--- START ---

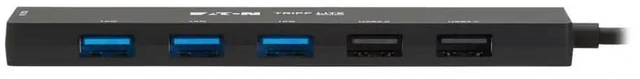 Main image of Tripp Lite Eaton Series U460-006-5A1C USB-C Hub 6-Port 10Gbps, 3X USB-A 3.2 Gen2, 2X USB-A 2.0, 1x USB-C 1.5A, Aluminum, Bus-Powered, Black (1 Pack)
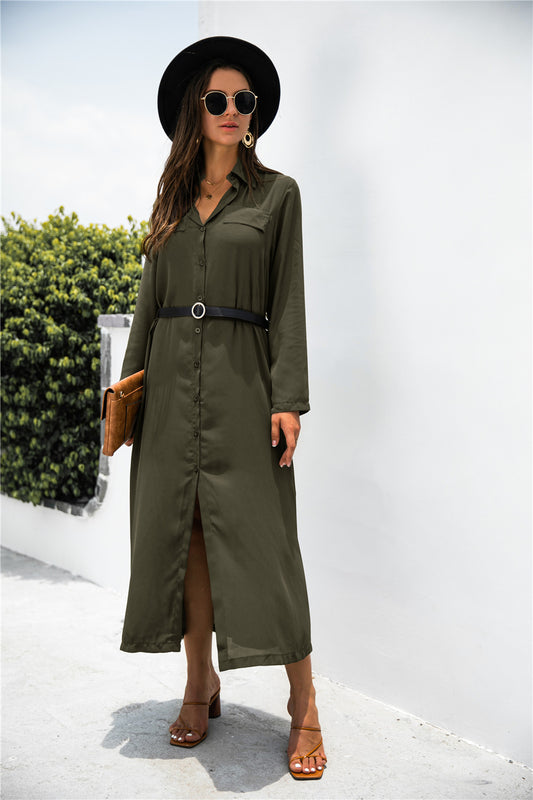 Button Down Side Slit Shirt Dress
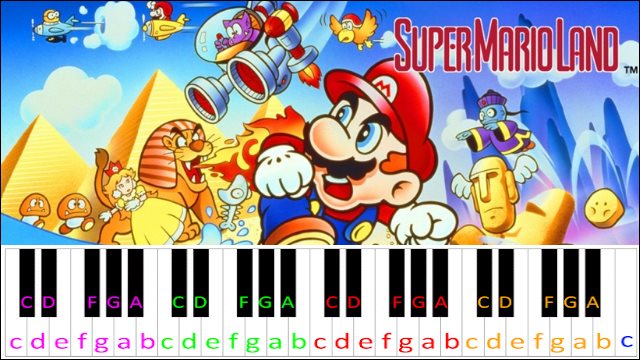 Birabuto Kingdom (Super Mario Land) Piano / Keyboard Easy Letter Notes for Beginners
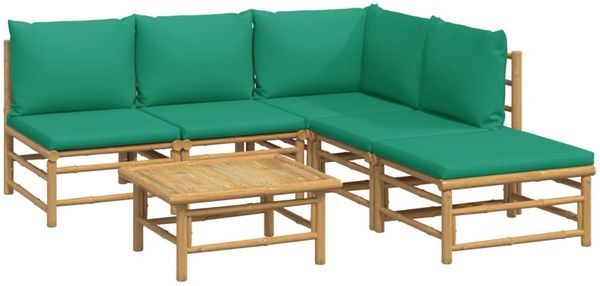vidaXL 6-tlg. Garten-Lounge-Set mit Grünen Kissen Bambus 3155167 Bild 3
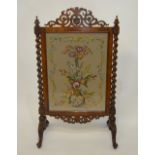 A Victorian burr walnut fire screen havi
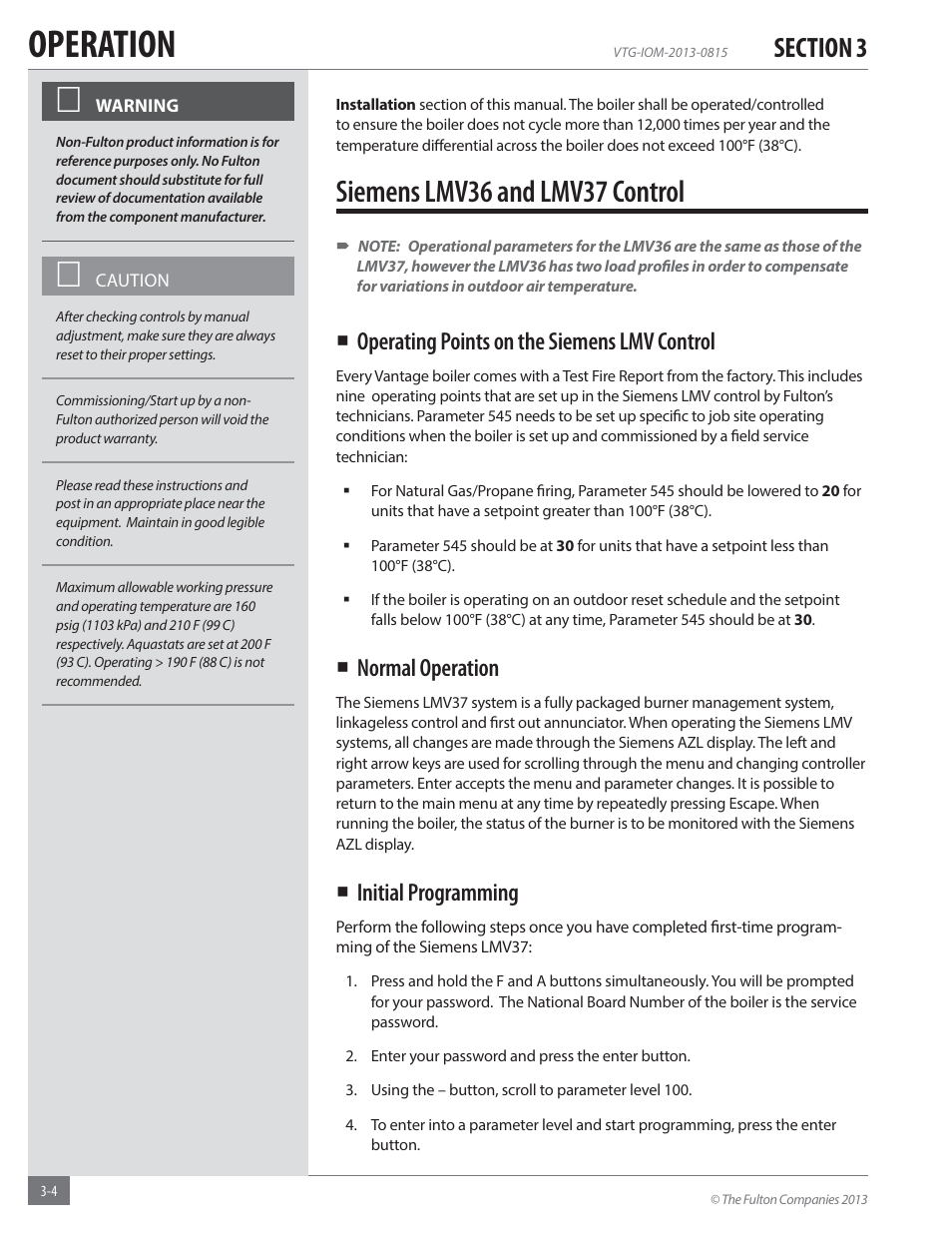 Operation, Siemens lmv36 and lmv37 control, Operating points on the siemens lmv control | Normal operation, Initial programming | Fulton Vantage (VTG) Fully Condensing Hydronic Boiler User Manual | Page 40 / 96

--- END ---

§ **How to complete this task**
Beginning at the line containing "vidaXL 6-tlg. Garten-Lounge-Set", restate every line through the end of the material above exactly; omit the pictures.

§ **Reply**
vidaXL 6-tlg. Garten-Lounge-Set mit Grünen Kissen Bambus 3155167 Bild 3
 A Victorian burr walnut fire screen havi
 Operation, Siemens lmv36 and lmv37 control, Operating points on the siemens lmv control | Normal operation, Initial programming | Fulton Vantage (VTG) Fully Condensing Hydronic Boiler User Manual | Page 40 / 96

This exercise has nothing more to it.